▶ **EXERCISE INSTRUCTIONS**: Reprint the lines below as they are, minus the pictures.

▶ **INPUT FOR THIS TASK**:

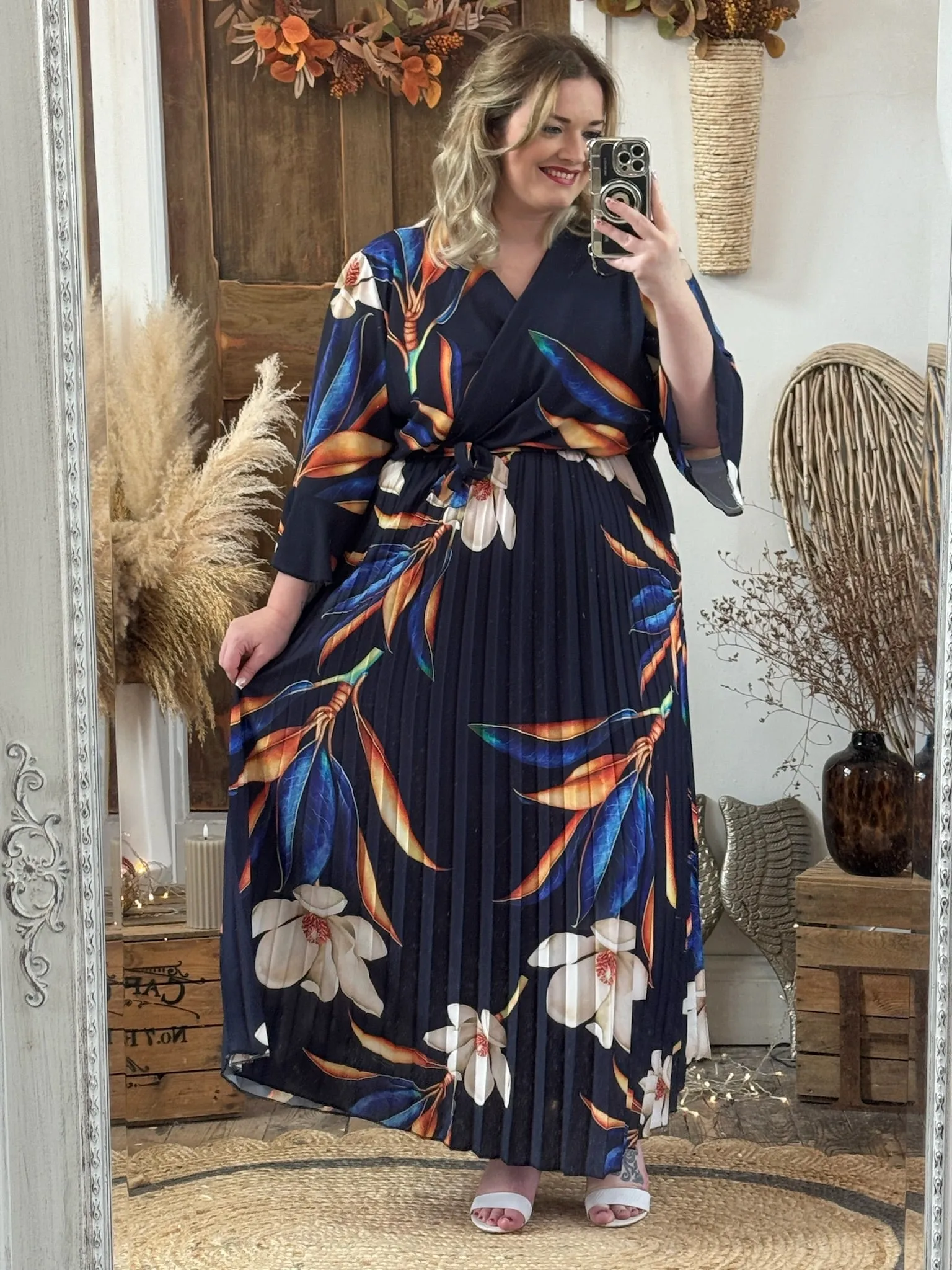 Navy Bold Floral Vienna Dress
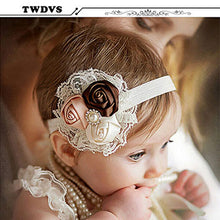 Newborn Headwear Kids Flower Headband Pink Lace Hair Bands Girl Felt Flower Scarf Hair Accessories w-033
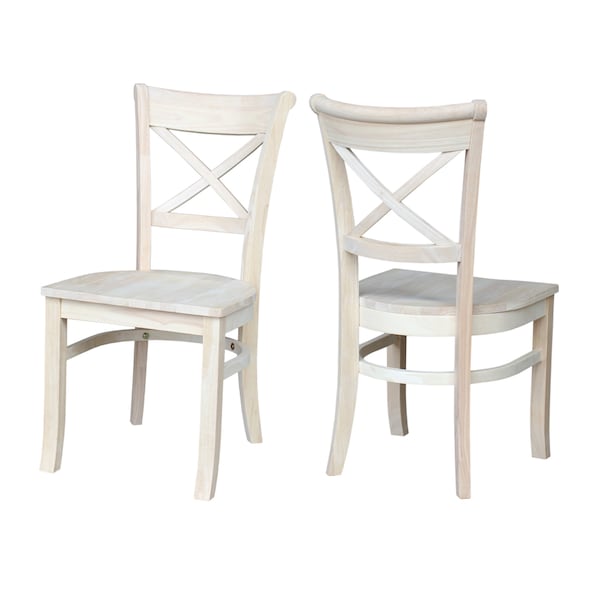 International Concepts Set of 2 Charlotte X-Back Chairs, Unfinished - C-31P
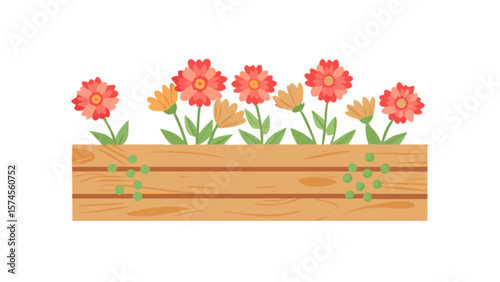 Flower box garden with blooming flowers vector illustration for spring and summer season decorative element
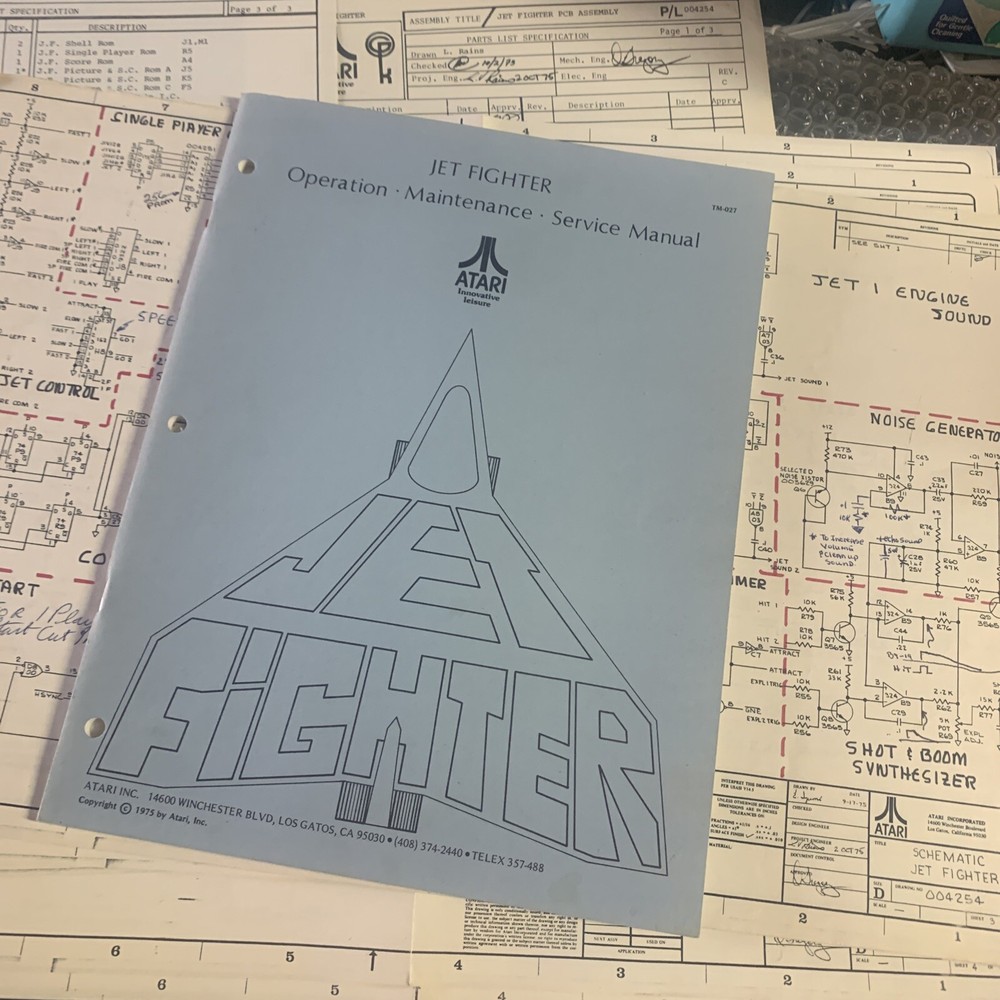 Original Jet Fighter Atari   arcade Video game manual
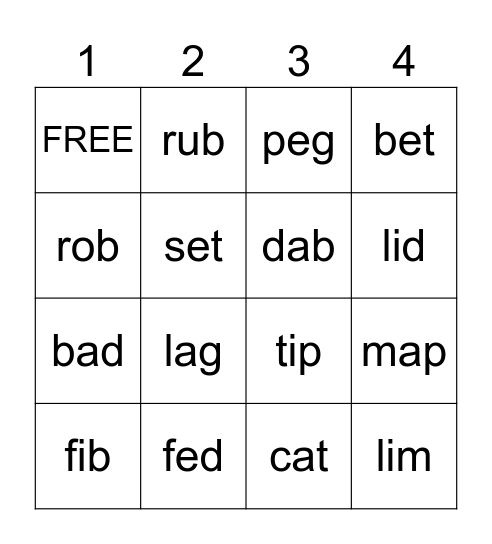 CVC WORDS (2) Bingo Card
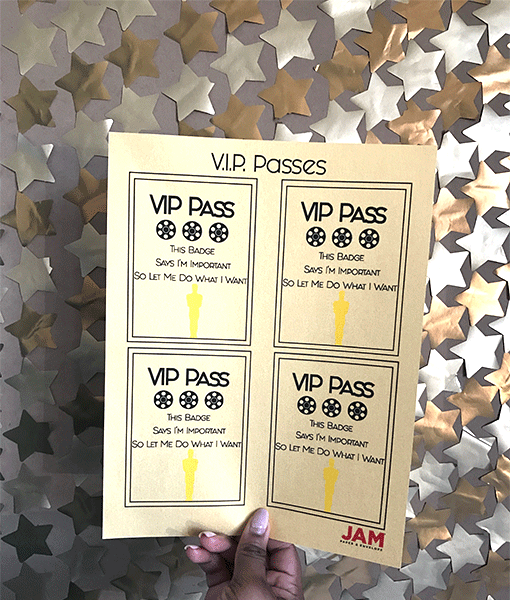 Gold stars, printed VIP passes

▶ **FINISHED TASK**:
 Navy Bold Floral Vienna Dress
 Newborn Headwear Kids Flower Headband Pink Lace Hair Bands Girl Felt Flower Scarf Hair Accessories w-033
 International Concepts Set of 2 Charlotte X-Back Chairs, Unfinished - C-31P
 Flower box garden with blooming flowers vector illustration for spring and summer season decorative element
 Original Jet Fighter Atari   arcade Video game manual
 CVC WORDS (2) Bingo Card
 Gold stars, printed VIP passes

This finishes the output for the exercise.